Curious; are you gonna run headers or manifolds?


----------



## MAXXFJ (Nov 22, 2009)

Man, that's nice looking. Wish like hell my 389 looked like that. Mine is on the complete other end of the spectrum, sitting on an engine stand behind the car waiting for extra cash to do it up, some day I guess. Also kicking around the idea of dropping in a new ('04/'05) engine & rebuild the original when I can. Just thinking out loud I guess...


----------



## facn8me (Jul 30, 2011)

It's amazing what a can of paint can do. I plan on running manifold with the pypes down pipes and magnaflow on back Alky


----------



## teamwoody72 (May 23, 2008)

where can I get those valve covers...very nice


----------



## facn8me (Jul 30, 2011)

Ames, look in the new product section online. $159 bucks. They have them in raw alluminum and black with the arrowhead and pontiac in raw (i assume) alluminum.

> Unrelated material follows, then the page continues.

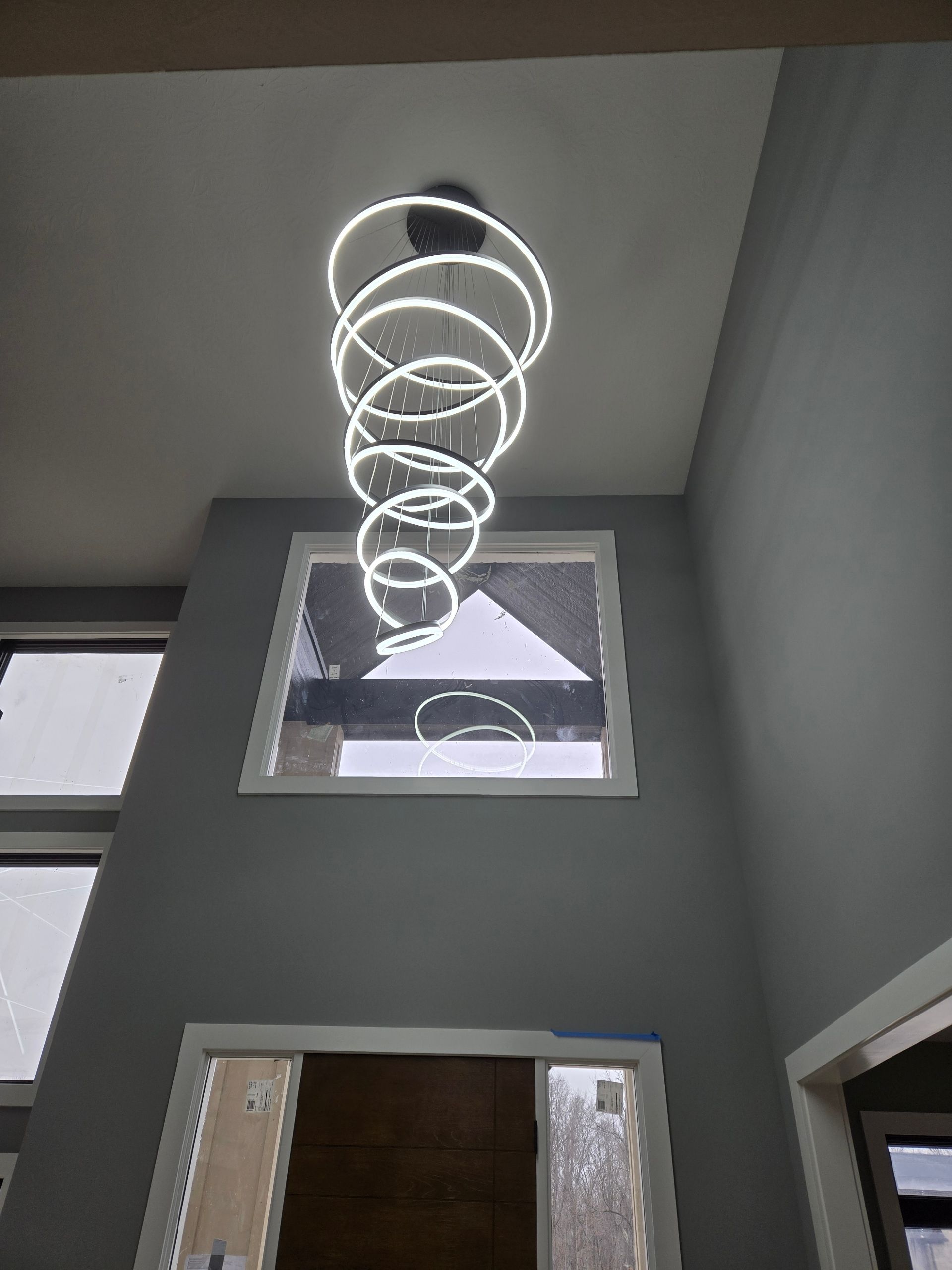 Modern spiral chandelier in a gray-walled foyer, above a window.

As mine were not coated with anything. I clear coated them first and the saw some done up in blue. I taped off the arrowhead and letters sanded them (400 grit) and repainted blue.


----------



## Pete F (Feb 19, 2012)

Great looking engine!!!!!!!!!!!!!!!!!! good luck with her.


----------



## Boston GTO (Dec 30, 2011)

Thats sick


----------



## ppurfield001 (Jan 21, 2008)

Nice looking engine.


----------



## 68GTO4004Spd (Jun 19, 2008)

I'm in LUST!!!


----------



## Jimmy The Greek (Aug 31, 2011)

Don't get to hot and bothered boys. I am pretty sure those valve covers are padded. I have run my hand over a lot of valve covers in my time and I am pretty sure those aren't natural!!!!!!!!!!!!!!!!!!!!! :lol::lol::lol:


The breast engines are painted blue... OOPS! I meant to say the *BEST* engines are painted blue. :rofl::rofl: 

Great engine. Great price. What more can a man ask for?


----------



## BearGFR (Aug 25, 2008)

Yummy!


----------



## facn8me (Jul 30, 2011)

Decided to run the t350 trans. Won't be running for a week or so but it is in!! Gotta get this damn fan shroud to fit somehow. Time for a little creative modification.


----------



## Instg8ter (Sep 28, 2010)

TH 350 will run fine behind it still running one on the 463 with no issues....


----------



## OrbitOrange (Jul 5, 2010)

sweet, looks great setting in there. $2100 with tri power, better make sure there arent any warrants out for you since you stole that.


----------



## 389tripower65GTO (Feb 2, 2012)

Facn8,
I'd love to hear that sucker run..maybe you could post a vid or her
revving up!


----------